The traditional CNN model obtains the probability distribution of the input through the gradient descent method and uses multiple convolution and pooling layers to classify the extracted features [24]. The improved CNN in this paper is realized by dimension reduction. In details, this paper decomposes the source image by fast finite shear wave transform, improves the convolutional neural network, determines the number of iterations and the optimal weight of the convolutional neural network through experiments, and then fuses the image through the inverse process of **fast finite shear wave transform**.

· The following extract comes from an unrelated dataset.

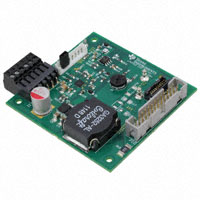 Texas Instruments - LM3433SQ-14AEV/NOPB - EVAL BOARD FOR LM3433SQ-14A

First, the training set \( {\left\{{x}_i,{y}_i\right\}}_{i-1}^M \) is used as input, and the output estimation function is:

$$ f\left(C,W,{x}_i\right)={W}^T\psi (x)+b $$

(2)

where *W* is the weight, *B* is the offset, *C* is the number of convolution operations, and *X* is the convolution operation. which is converted into function mapping through the hidden layer. When *L*[*C*, *W*, *x*_{i}] = [*y*_{i} − *Wψ*(*x*) + *b*]^{2} is an objective function, it can be defined as:

$$ P\left(C,W\right)=\sum \limits_{i=1}^ML\left[{y}_i,f\left(C,W,{x}_i\right)\right]+\gamma \frac{{\left\Vert W\right\Vert}^2}{2} $$

(3)

Assuming that the input equals the output, the estimation function is as follows:

$$ f(x)=\sum \limits_{i=1}^MK\left( Cx,{Cx}_i\right)+b $$

(4)

where the kernel function is *K*(*Cx*, *Cx*_{i}) = *ψ*(*Cx*)^{T}*ψ*(*Cx*_{i}), *i* = 1, …, *M* The formula of CNN's maximum pooling layer is as follows:

$$ {S}_{i,j,v}\left(\varphi \right)={\left(\sum \limits_{h=-\left\lfloor k/2\right\rfloor}^{\left\lfloor k/2\right\rfloor}\sum \limits_{w=-\left\lfloor k/2\right\rfloor}^{\left\lfloor k/2\right\rfloor }{\left|{\varphi}_{g\left(h,w,i,j,v\right)}\right|}^p\right)}^{1/p} $$

(5)

where *φ* is the *W×H×G* 3D array of the input image, which is also the feature map of each input image. *H* is the height, *W* is the width, *G* is the number of channels, *k=*2, which *g(h,w,i,j,v)* means the mapping from *R* to *k* at a certain step size. After continuous iteration, when *k*=3 and *R*=2, the result can maintain the invariance of feature scale to a great extent; the formula is:

$$ {u}_{i,j,l}\left(\varphi \right)=f\left(\sum \limits_{h=-\left\lfloor k/2\right\rfloor}^{\left\lfloor k/2\right\rfloor}\sum \limits_{w=-\left\lfloor k/2\right\rfloor}^{\left\lfloor k/2\right\rfloor}\sum \limits_{v=1}^M{\theta}_{h,w,v,l}\cdot \kern0.5em {\varphi}_{g\left(h,w,i,j,v\right)}\right) $$

(6)

where *θ* is the kernel weight, l represents the number of outputs, *i*, *j*, *u* represents the coordinates (*i*, *j*) on the scale *u*, and the activation function is ReLU.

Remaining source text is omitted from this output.